Besides the lantern festival and meeting the elephants, we spent time visiting with my cousin and some friends, went to a big Buddhist temple to chat with a monk, took a Thai a cooking class, stumbled upon a weekly ex-pat board game meet-up, and hung around an art show.
Annabelle even had her first Halloween there!
We had heard from other visitors that if we wanted to do a cooking class, Da’s was the way to go. And heck yes I wanted to take a cooking class in Thailand; I LOVE Thai food and was practically giddy about the chance to make some myself.
Meghan, Ali’s cousin who happened to be living in Chiang Mai at the time, came with us, and the three of us created a multi-course meal of delicious soups, curries, and desserts. First, Da took us to a local market and showed us how to pick out various ingredients, then we went back to his organic farm, where he showed us around and we chose some fresh ingredients he had grown, and then the class started!
Cooking in an outdoor hut situated on a pond with a curious baby was a little stressful at times, but she never fell in the water and no food burned, so we count it a total success, even if Joe had to man Ali’s station sometimes while she kept Annabelle from becoming fish food. (Seriously, if you’re in Chiang Mai, check it out–here’s their TripAdvisor rating, and believe us, it is well deserved!)
Just up the mountain from the city of Chiang Mai sits a big Buddhist temple, complete with statues, worshippers, monks, and a large golden spire.

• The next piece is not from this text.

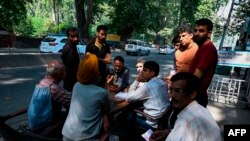 FILE - People gather to make calls at a makeshift phone booth set up by Indian security forces outside a camp during a lockdown in Srinagar, Sept. 3, 2019.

Joe and I aren’t religious, but hey, temples are cool. Some of Joe’s friends were in the area, so we met up with them and enjoyed the chance to wander around, see the art, and take way too long to figure out where the bell sounds came from (tiny bells all along the eaves, meant to do something besides sound pretty, though I don’t remember exactly what).
There was also a pretty great view of Chiang Mai from up there.
And all the rest!
Besides the big experiences of Chiang Mai, we were able to have lots of great little moments we’d never expected. Visiting my cousin’s art show was interesting, and it was wonderful to have time to visit with her.
Getting a chance to sit down and speak with a monk gave us the chance to better understand an important piece of another culture and way of life.
Meeting up with friends and going to ask ex-pat board game meetups several times let us spend a little time feeling that comfort you get when you’re with people from home. If you’ve traveled a lot, you probably understand that feeling.
Overall, Chiang Mai was an opportunity to do touristy things without feeling too much like tourists, while also giving us a little slice of home. It was crazy and beautiful and busy and full of tourists. And very, very fun.